Eye on the Week Ahead

The big news this week comes from the Federal Reserve, which is meeting for the third time this year. Since raising interest rates in December, the Fed has been cautious about increasing them again. While some experts believe the Fed will raise rates again in 2016, it may not be in April. The Committee does not meet again until June.

What I’m Watching This week – 18 April 2016

The Markets (as of market close April 15, 2016)
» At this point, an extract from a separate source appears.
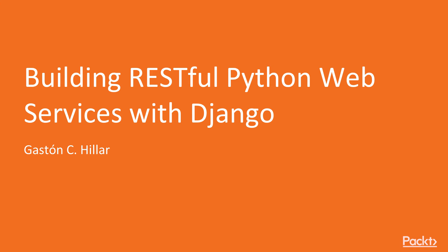Welcome to Building RESTful Python Web Services with Django by Gaston C. Hiller, a video course by Packt Publishing. I am Andy Morris and I will be Gaston's voice for this course.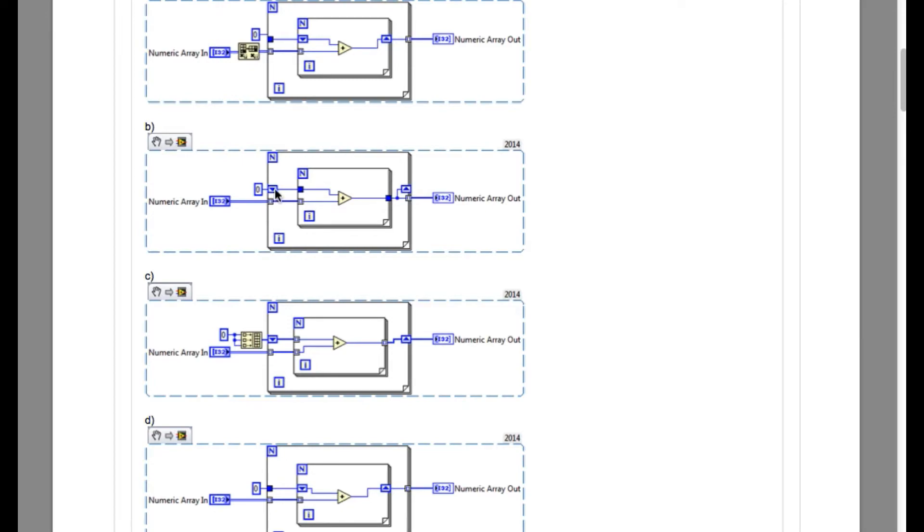Now we go to option B. In option B, you will see that the value into the shift register has been updated only after the completion of full iteration of the row loop, that is the inner one.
Despite inflationary trends slowing as retail and producer prices fell in March, stocks gained over the past week, buoyed by better than expected first-quarter corporate earnings reports. Each of the indexes listed here posted gains led by the Global Dow and the Russell 2000, followed by the large-cap Dow and S&P 500, which have risen about 14.0% since their February lows.

The price of crude oil (WTI) closed the week at $40.40 a barrel, up $0.74 over the prior week’s closing price. The price of gold (COMEX) fell by last week’s end, selling at $1,235.80 by late Friday afternoon, down from the prior week’s closing price of $1,240.10. The national average retail regular gasoline price fell for the first time in eight weeks, selling at $2.069 per gallon on April 11, 2016, $0.014 under the prior week’s price and $0.339 below a year ago.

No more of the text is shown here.